Data records:
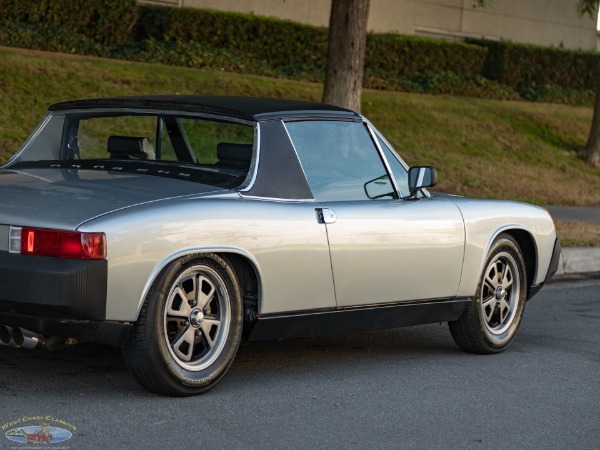 Used 1976 Porsche 914 2.0L 5 spd Targa Roadster  | Torrance, CA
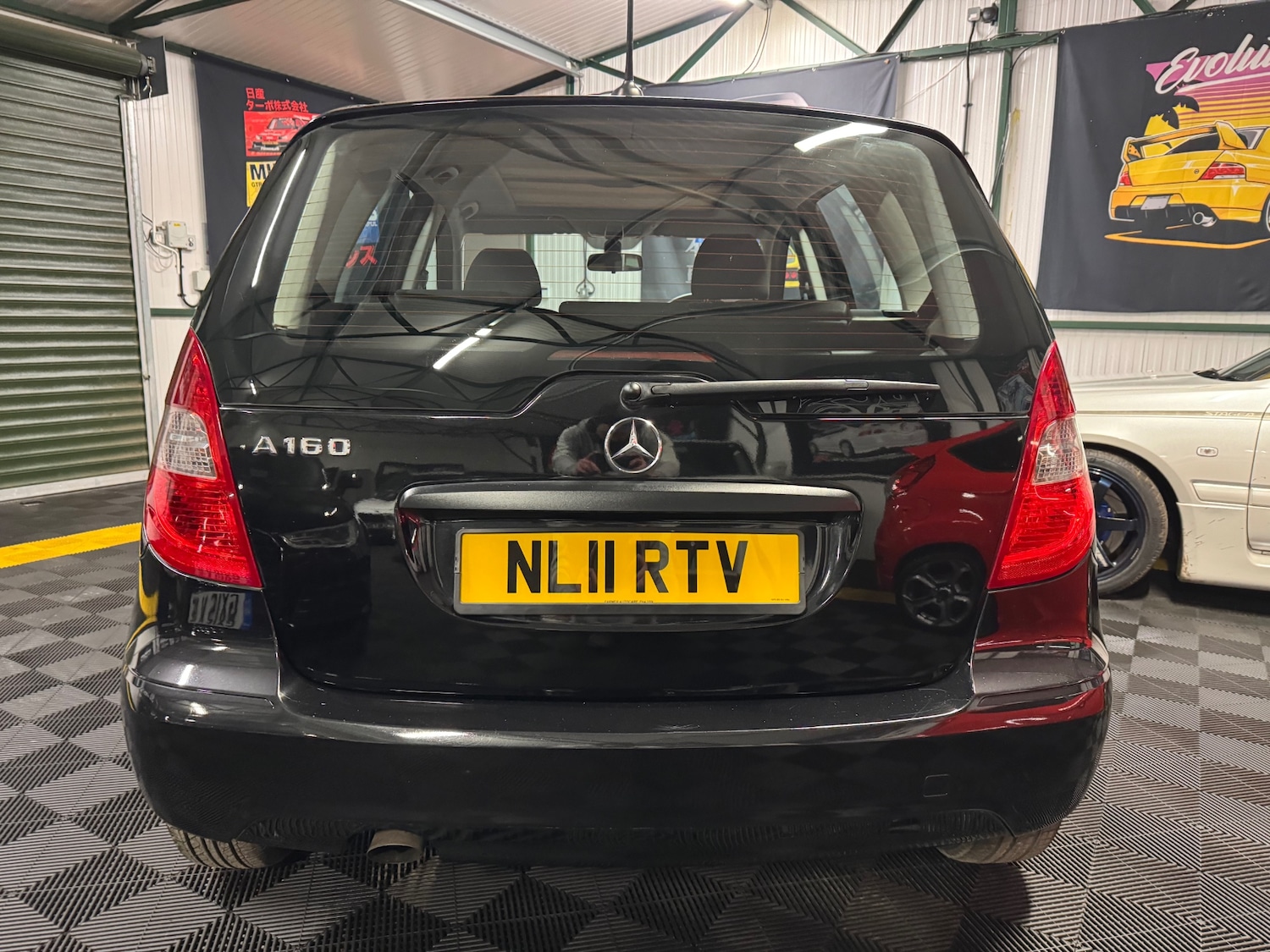 Used Mercedes-Benz A-Class 2011 for sale - 77100596: Photo 47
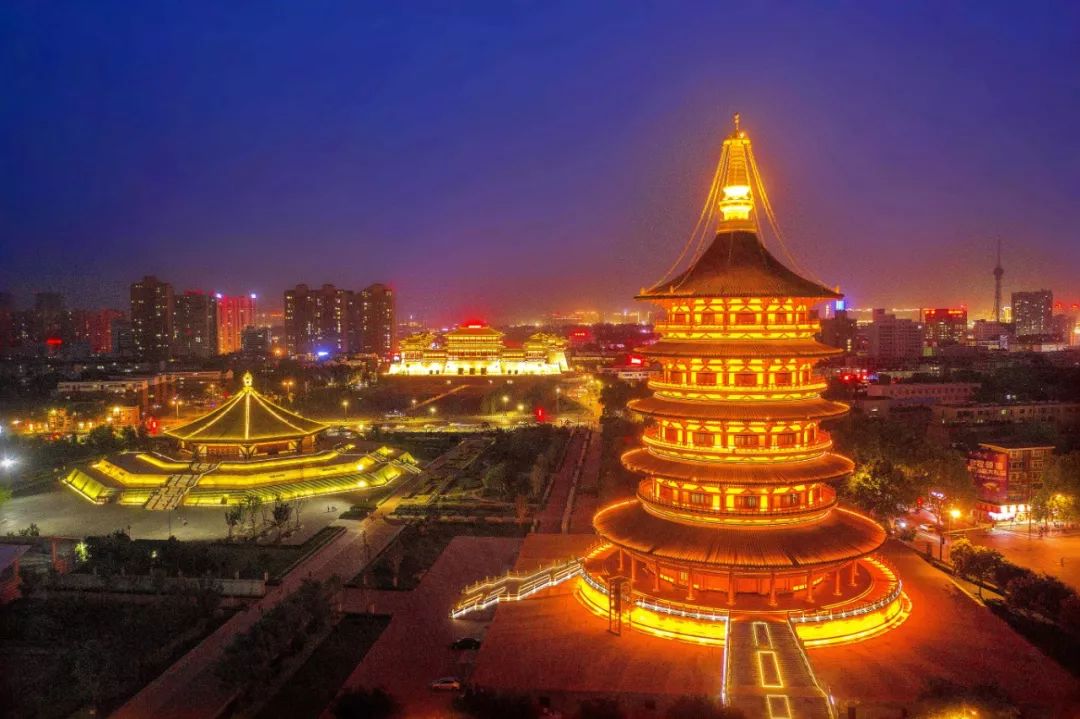 洛阳市网红打卡景点,洛阳十大网红景点推荐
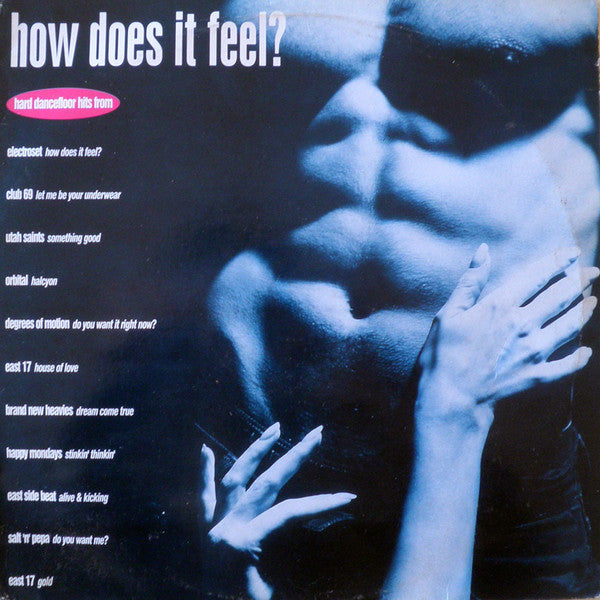 Various : How Does It Feel? (LP, Comp)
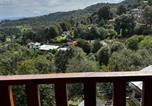 Location vacances Pachuca de Soto - Trini Treehouse By Gestores-2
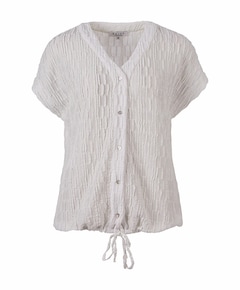 Dames blouse ecru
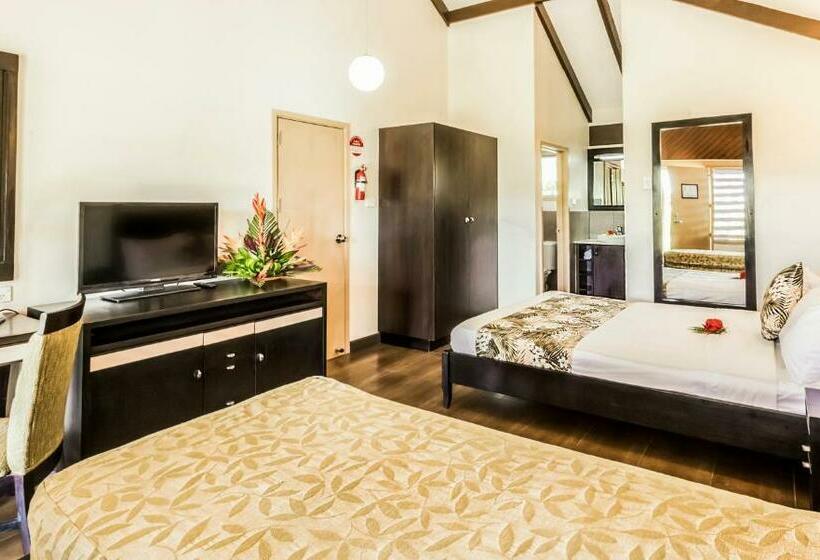 스탠다드 스튜디오, Tokatoka Resort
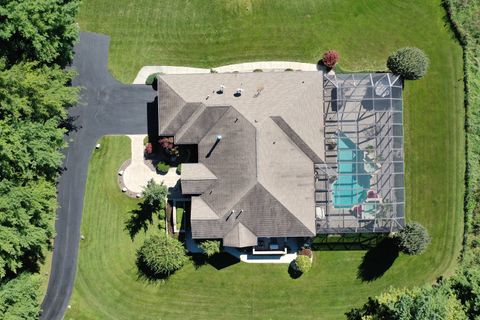 Tiny photo for 17278 Laube Road, Davis, IL 61019 (MLS # 12481227)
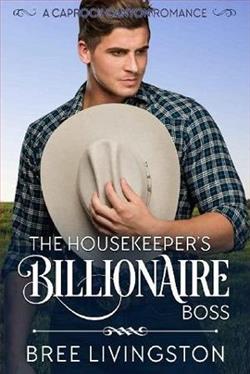 The Housekeeper's Billionaire Boss by Bree Livingston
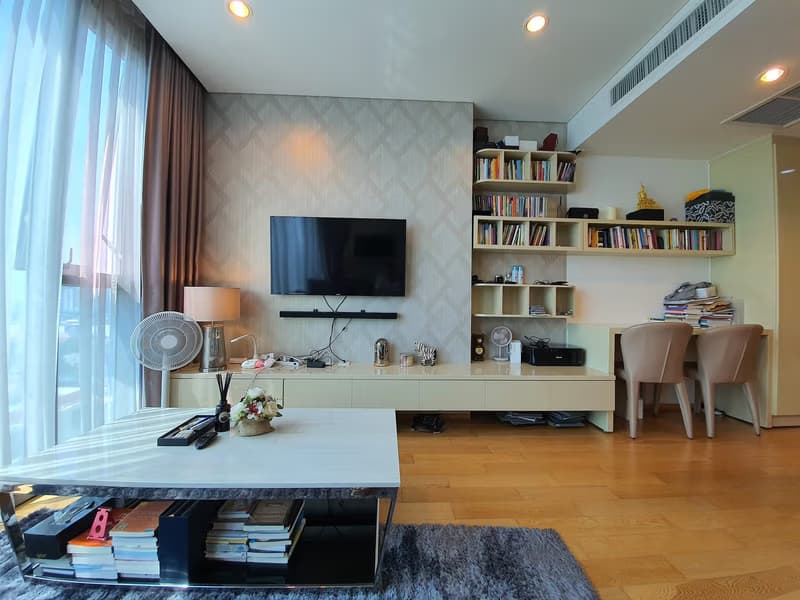 1 Bed Condo for Rent and Sale in Yan Nawa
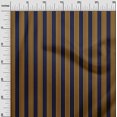 thumbnail image 2 of oneOone Georgette Viscose Fabric Vertical Stripe Printed Craft Fabric BTY 42 Inch Wide, 2 of 4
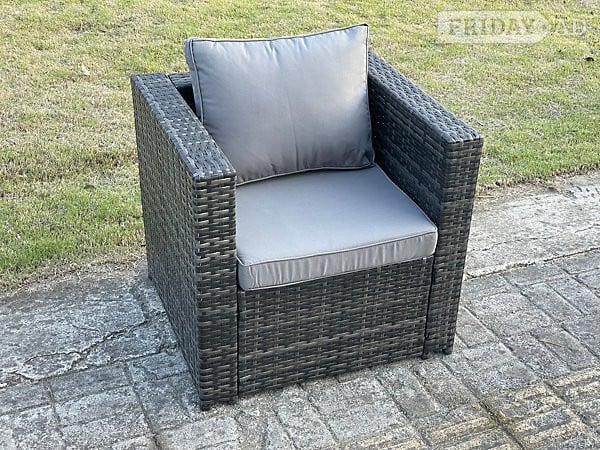 Rattan Outdoor Sofa, Garden Furniture Sofa Set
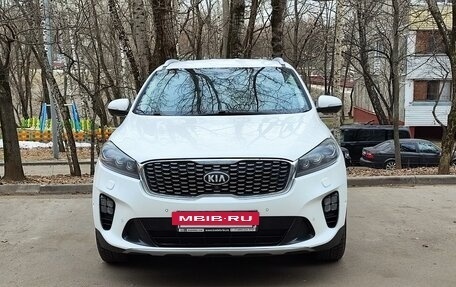 KIA Sorento III Prime рестайлинг, 2019 год, 3 150 000 рублей, 7 фотография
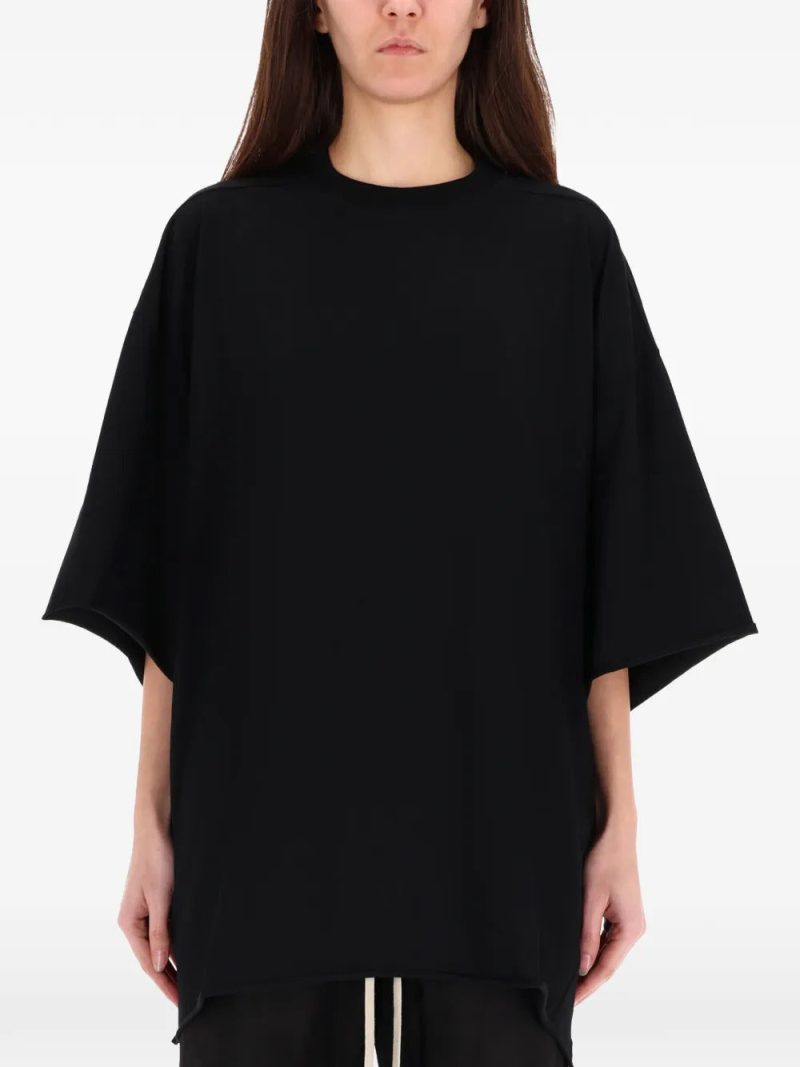 Rick Owens  black T-shirt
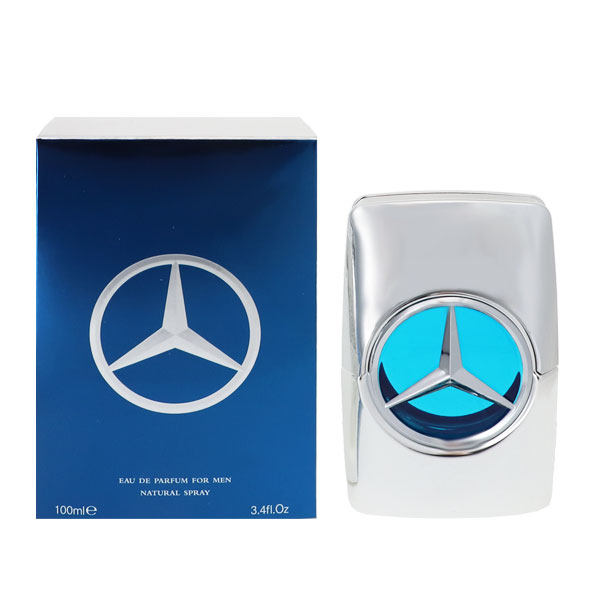 香水 MERCEDES BENZ メルセデス ベンツ マン ブライト EDP・SP 100ml 【送料込み】【フレグランス ギフト プレゼント 誕生日 メンズ・男性用】【MERCEDES BENZ MAN BRIGHT EAU DE PARFUM SPRAY】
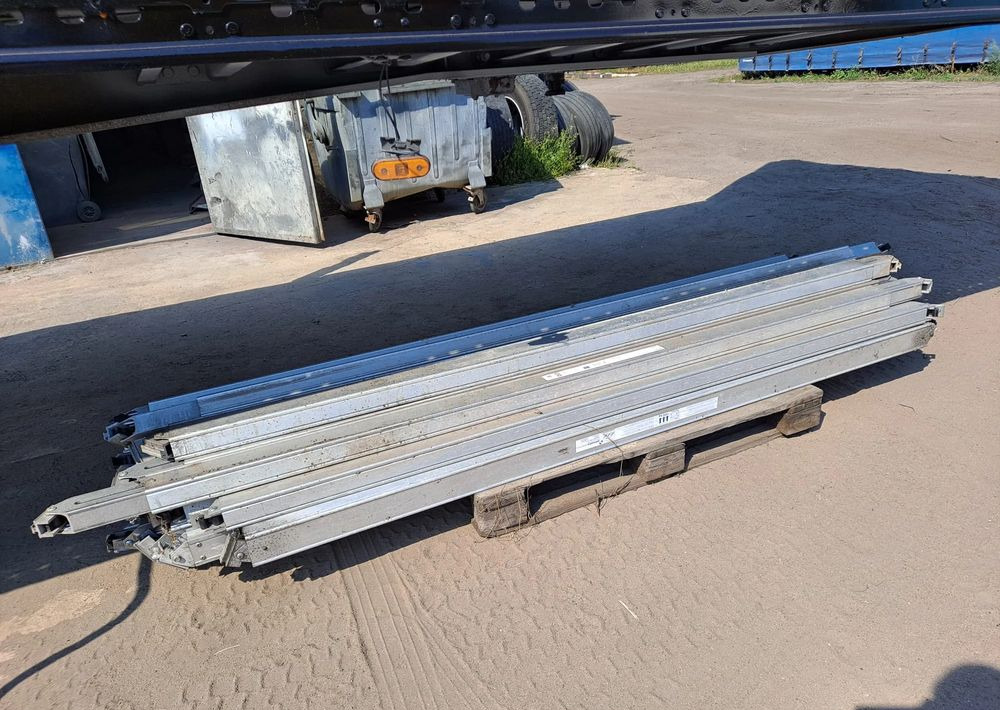 Schmitz Cargobull Belki Doppelstock do naczepy Krone i innych - wyposażenie naczepy - Навесное оборудование для Прицепов: фото 1 Schmitz Cargobull Belki Doppelstock do naczepy Krone i innych - wyposażenie naczepy - Навесное оборудование для Прицепов: фото 1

Work required:
The answer is the listing above restated word for word, pictures removed.

Output for this exercise:
 Used 1976 Porsche 914 2.0L 5 spd Targa Roadster  | Torrance, CA
 Used Mercedes-Benz A-Class 2011 for sale - 77100596: Photo 47
 洛阳市网红打卡景点,洛阳十大网红景点推荐
 Various : How Does It Feel? (LP, Comp)
 Location vacances Pachuca de Soto - Trini Treehouse By Gestores-2
 Dames blouse ecru
 스탠다드 스튜디오, Tokatoka Resort
 Tiny photo for 17278 Laube Road, Davis, IL 61019 (MLS # 12481227)
 The Housekeeper's Billionaire Boss by Bree Livingston
 1 Bed Condo for Rent and Sale in Yan Nawa
 thumbnail image 2 of oneOone Georgette Viscose Fabric Vertical Stripe Printed Craft Fabric BTY 42 Inch Wide, 2 of 4
 Rattan Outdoor Sofa, Garden Furniture Sofa Set
 KIA Sorento III Prime рестайлинг, 2019 год, 3 150 000 рублей, 7 фотография
 Rick Owens  black T-shirt
 香水 MERCEDES BENZ メルセデス ベンツ マン ブライト EDP・SP 100ml 【送料込み】【フレグランス ギフト プレゼント 誕生日 メンズ・男性用】【MERCEDES BENZ MAN BRIGHT EAU DE PARFUM SPRAY】
 Schmitz Cargobull Belki Doppelstock do naczepy Krone i innych - wyposażenie naczepy - Навесное оборудование для Прицепов: фото 1 Schmitz Cargobull Belki Doppelstock do naczepy Krone i innych - wyposażenie naczepy - Навесное оборудование для Прицепов: фото 1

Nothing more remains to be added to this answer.